Now, supposing that lab1 and lab2 cannot share the observed data, what would be an appropriate metanalytic approach to combine the estimates from parameters m and s? As mentioned in my previous post (reference there), I attempted this:
## approach from Levenson et al (2000)
n = np.array([N1, N2])
x = np.array([m1.mean(), m2.mean()])
s = np.array([s1, s2])
with pm.Model() as mod:
t = pm.StudentT("t", mu=0, sigma=1, nu=n-1, shape=2)
m = pm.Deterministic("m", x + (s/pt.sqrt(n))*t)

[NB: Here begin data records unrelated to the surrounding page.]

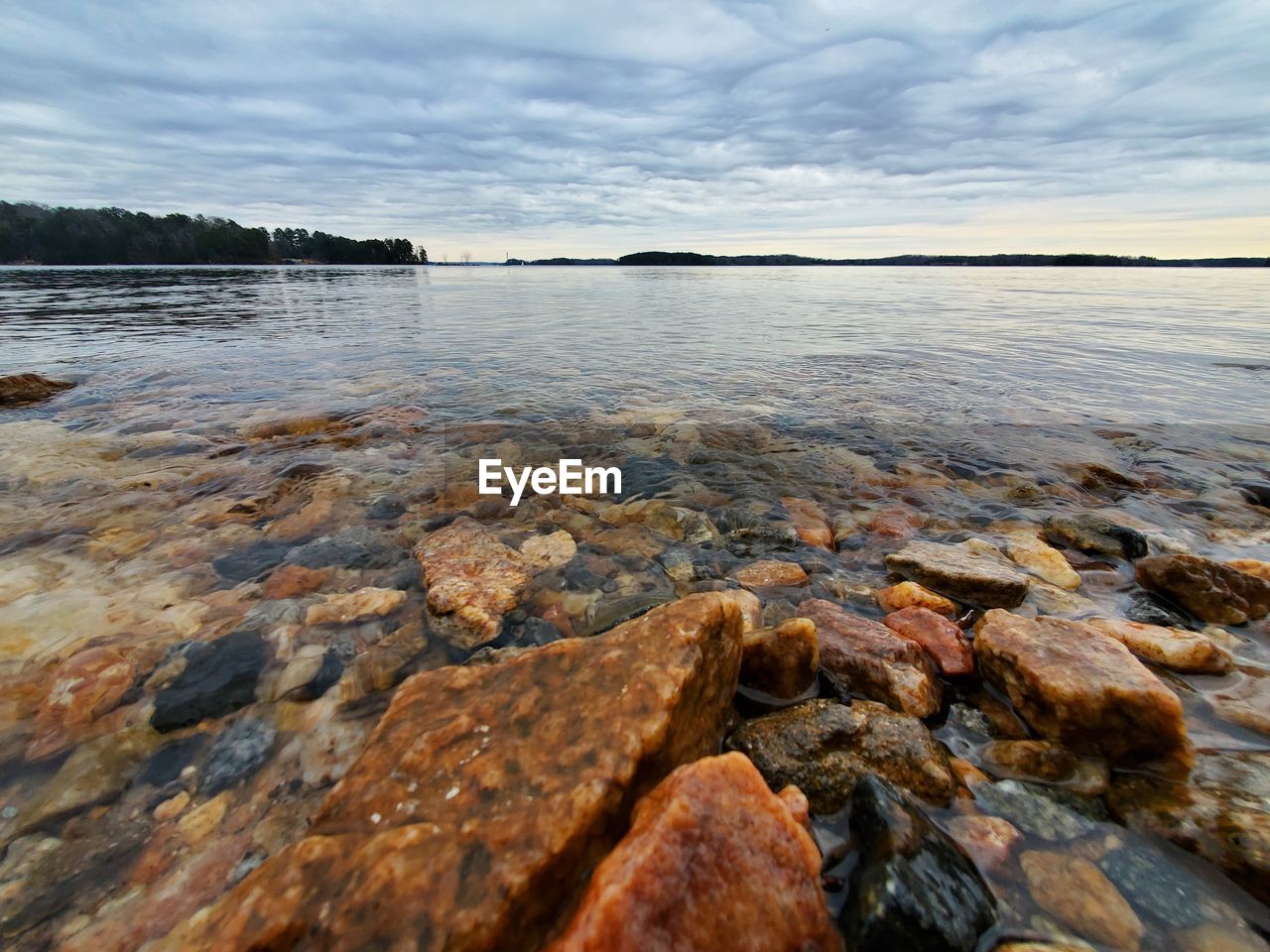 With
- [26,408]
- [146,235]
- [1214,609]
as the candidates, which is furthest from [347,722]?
[146,235]

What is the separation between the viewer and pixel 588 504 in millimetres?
5680

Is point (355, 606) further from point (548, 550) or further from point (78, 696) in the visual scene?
point (548, 550)

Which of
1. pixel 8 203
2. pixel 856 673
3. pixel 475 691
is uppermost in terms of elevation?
pixel 8 203

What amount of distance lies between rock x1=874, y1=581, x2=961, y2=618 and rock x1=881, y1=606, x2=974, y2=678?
12 cm

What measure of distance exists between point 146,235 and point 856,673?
165 meters

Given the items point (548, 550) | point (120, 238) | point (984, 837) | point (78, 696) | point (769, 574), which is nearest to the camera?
point (984, 837)

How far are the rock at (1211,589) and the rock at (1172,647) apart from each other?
492 mm

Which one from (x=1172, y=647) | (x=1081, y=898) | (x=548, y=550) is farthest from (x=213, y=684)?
(x=1172, y=647)

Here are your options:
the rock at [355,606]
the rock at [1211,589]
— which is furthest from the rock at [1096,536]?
the rock at [355,606]

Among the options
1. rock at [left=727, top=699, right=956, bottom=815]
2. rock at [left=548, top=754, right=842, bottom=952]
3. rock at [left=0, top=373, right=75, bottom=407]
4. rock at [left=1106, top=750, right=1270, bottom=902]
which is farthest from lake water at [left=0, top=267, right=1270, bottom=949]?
rock at [left=0, top=373, right=75, bottom=407]

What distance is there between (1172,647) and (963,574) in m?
1.15

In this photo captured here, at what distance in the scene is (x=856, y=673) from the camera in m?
3.03

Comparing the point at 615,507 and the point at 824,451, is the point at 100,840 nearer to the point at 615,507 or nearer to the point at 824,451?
the point at 615,507

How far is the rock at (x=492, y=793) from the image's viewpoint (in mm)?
1616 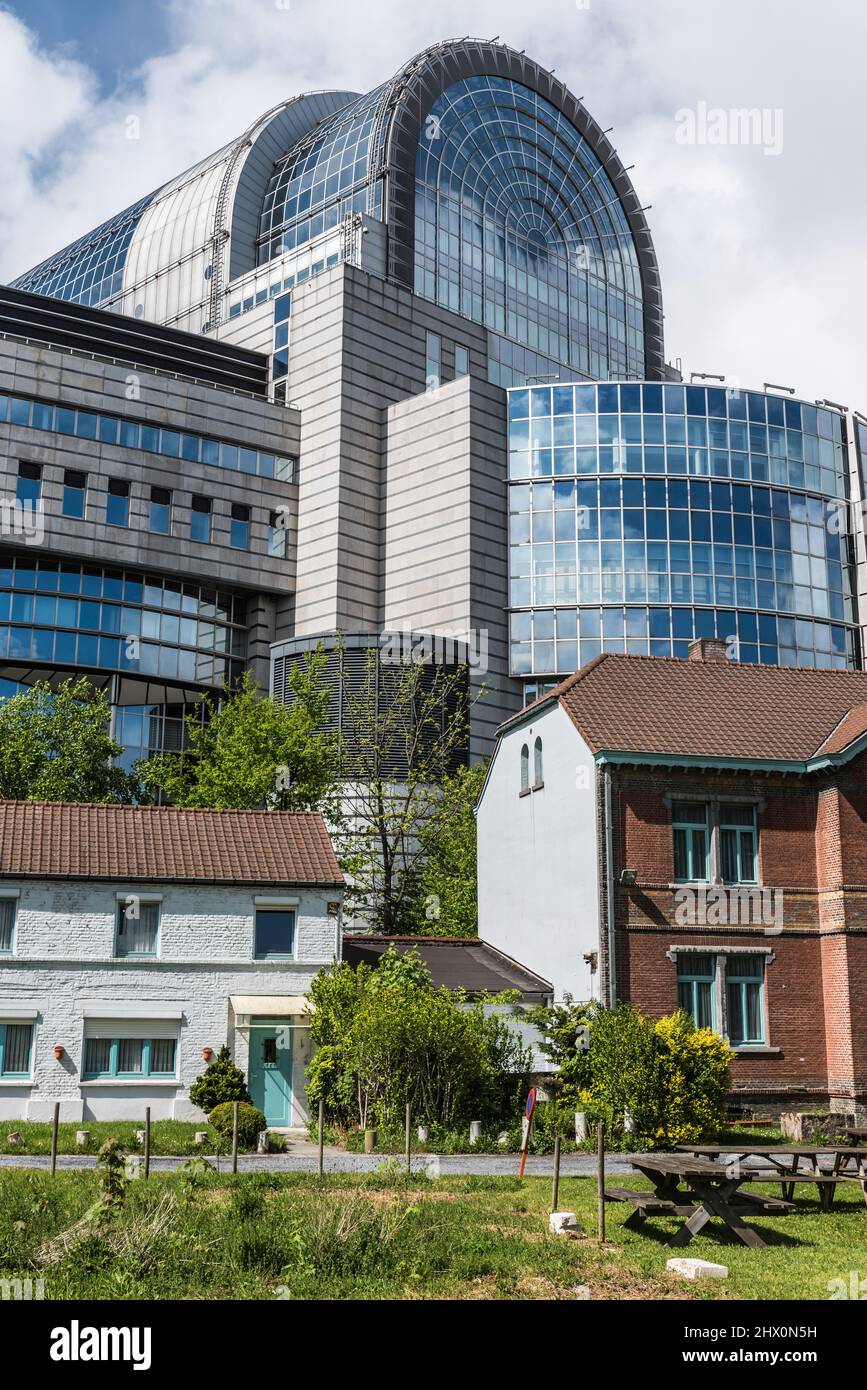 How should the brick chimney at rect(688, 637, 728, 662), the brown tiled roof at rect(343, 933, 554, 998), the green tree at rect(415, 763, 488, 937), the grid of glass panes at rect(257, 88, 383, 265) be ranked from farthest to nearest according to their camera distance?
the grid of glass panes at rect(257, 88, 383, 265) < the green tree at rect(415, 763, 488, 937) < the brick chimney at rect(688, 637, 728, 662) < the brown tiled roof at rect(343, 933, 554, 998)

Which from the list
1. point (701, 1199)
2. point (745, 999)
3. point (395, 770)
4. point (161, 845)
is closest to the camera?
point (701, 1199)

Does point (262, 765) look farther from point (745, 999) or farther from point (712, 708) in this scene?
point (745, 999)

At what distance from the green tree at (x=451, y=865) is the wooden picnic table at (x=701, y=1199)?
27.5m

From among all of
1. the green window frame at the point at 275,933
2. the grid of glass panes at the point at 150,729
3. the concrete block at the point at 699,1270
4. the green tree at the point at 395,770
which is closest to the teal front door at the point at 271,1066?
the green window frame at the point at 275,933

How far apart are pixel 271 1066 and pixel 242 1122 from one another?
231 inches

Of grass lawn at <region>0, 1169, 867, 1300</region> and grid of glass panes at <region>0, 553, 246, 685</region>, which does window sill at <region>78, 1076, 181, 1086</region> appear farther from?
grid of glass panes at <region>0, 553, 246, 685</region>

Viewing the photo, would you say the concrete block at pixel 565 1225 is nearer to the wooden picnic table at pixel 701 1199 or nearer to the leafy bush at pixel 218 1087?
the wooden picnic table at pixel 701 1199

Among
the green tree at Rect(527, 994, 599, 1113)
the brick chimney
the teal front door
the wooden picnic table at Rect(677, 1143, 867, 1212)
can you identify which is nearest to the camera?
the wooden picnic table at Rect(677, 1143, 867, 1212)

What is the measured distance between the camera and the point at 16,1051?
31.0 meters

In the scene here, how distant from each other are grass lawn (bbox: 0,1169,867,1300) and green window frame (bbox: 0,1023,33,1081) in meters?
12.7

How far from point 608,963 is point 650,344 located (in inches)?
3161

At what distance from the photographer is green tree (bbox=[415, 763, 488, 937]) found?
154 feet

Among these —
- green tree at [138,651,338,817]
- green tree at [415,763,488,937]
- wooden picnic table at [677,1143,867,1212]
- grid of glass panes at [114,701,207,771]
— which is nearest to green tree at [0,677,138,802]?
green tree at [138,651,338,817]

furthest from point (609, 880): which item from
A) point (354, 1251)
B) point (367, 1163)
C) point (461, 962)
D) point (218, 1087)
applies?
point (354, 1251) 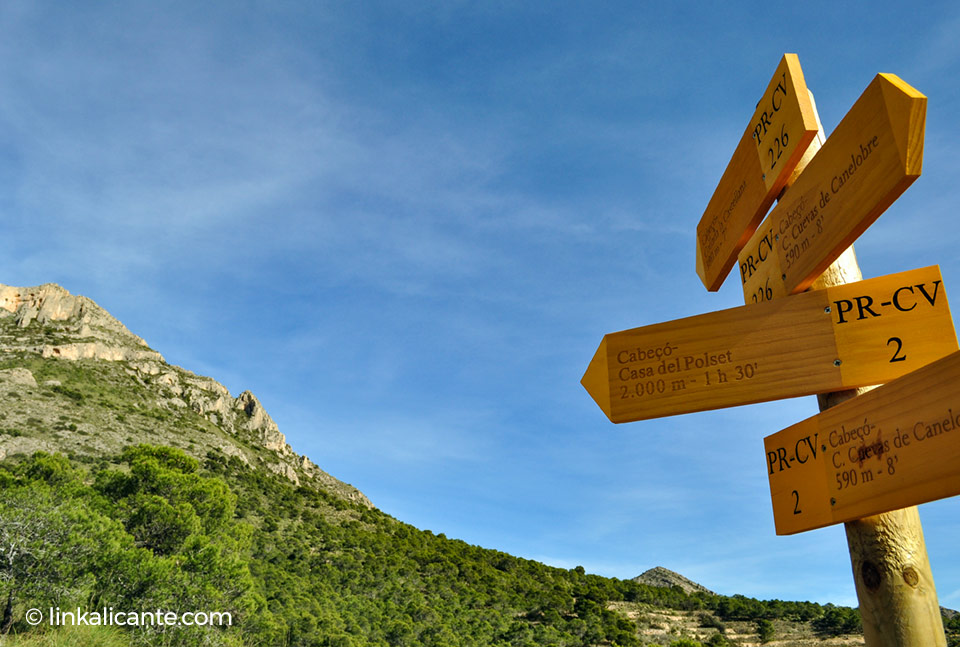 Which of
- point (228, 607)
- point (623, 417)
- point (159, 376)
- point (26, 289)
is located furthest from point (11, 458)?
point (26, 289)

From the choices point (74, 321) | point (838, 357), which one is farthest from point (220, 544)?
point (74, 321)

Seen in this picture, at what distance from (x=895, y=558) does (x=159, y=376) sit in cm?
Result: 7867

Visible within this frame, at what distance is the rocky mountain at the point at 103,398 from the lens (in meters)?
44.6

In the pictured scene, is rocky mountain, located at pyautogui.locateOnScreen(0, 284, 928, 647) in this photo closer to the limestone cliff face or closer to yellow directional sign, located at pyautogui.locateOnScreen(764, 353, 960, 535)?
the limestone cliff face

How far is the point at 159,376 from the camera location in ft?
228

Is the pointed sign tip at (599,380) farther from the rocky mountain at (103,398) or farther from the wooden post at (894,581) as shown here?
the rocky mountain at (103,398)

l = m.sum()/len(x) - pt.abs(m.max()-m.min())/2
u = m.sum()/len(x) + pt.abs(m.max()-m.min())/2
sigma = pm.Deterministic("sigma", pt.abs(m.max()-m.min())/2)
mu = pm.Uniform("mu", lower=l, upper=u)
idata_a = pm.sample()
az.plot_posterior(idata_a, var_names=["mu"], hdi_prob=0.9)
Multiprocess sampling (4 chains in 4 jobs)
CompoundStep
>Metropolis: [t]
>NUTS: [mu]
|████████████| 100.00% [8000/8000 00:24<00:00 Sampling 4 chains, 0 divergences]Sampling 4 chains for 1_000 tune and 1_000 draw iterations (4_000 + 4_000 draws total) took 46 seconds.

Which gave results not too different from a hierarchical model like this one:
## hierarchical model using estimates as observed
n = np.array([N1, N2])
x = np.concatenate([m1, m2])
s = np.array([s1, s2])
j = np.concatenate([np.repeat(0,N1), np.repeat(1,N2)])
with pm.Model() as mod:
ms = pm.HalfNormal("ms", sigma=1)
ml = pm.HalfNormal("ml", sigma=1)
m = pm.Gamma("m", mu=ml, sigma=ms, shape=len(n))
sigma = pm.HalfNormal("sigma", s.mean())
y = pm.Gamma("y", mu=m[j], sigma=sigma, observed=x)
mu = pm.Deterministic("mu", m.mean())
idata_b = pm.sample()
az.plot_posterior(idata_b, var_names=["mu"], hdi_prob=0.9)
Auto-assigning NUTS sampler...
Initializing NUTS using jitter+adapt_diag...
Multiprocess sampling (4 chains in 4 jobs)
NUTS: [ms, ml, m, sigma]
|████████████| 100.00% [8000/8000 00:35<00:00 Sampling 4 chains, 0 divergences]Sampling 4 chains for 1_000 tune and 1_000 draw iterations (4_000 + 4_000 draws total) took 56 seconds.

Are these approaches appropriate? Are they outside the context/scope of a meta-analytic approach? Thanks.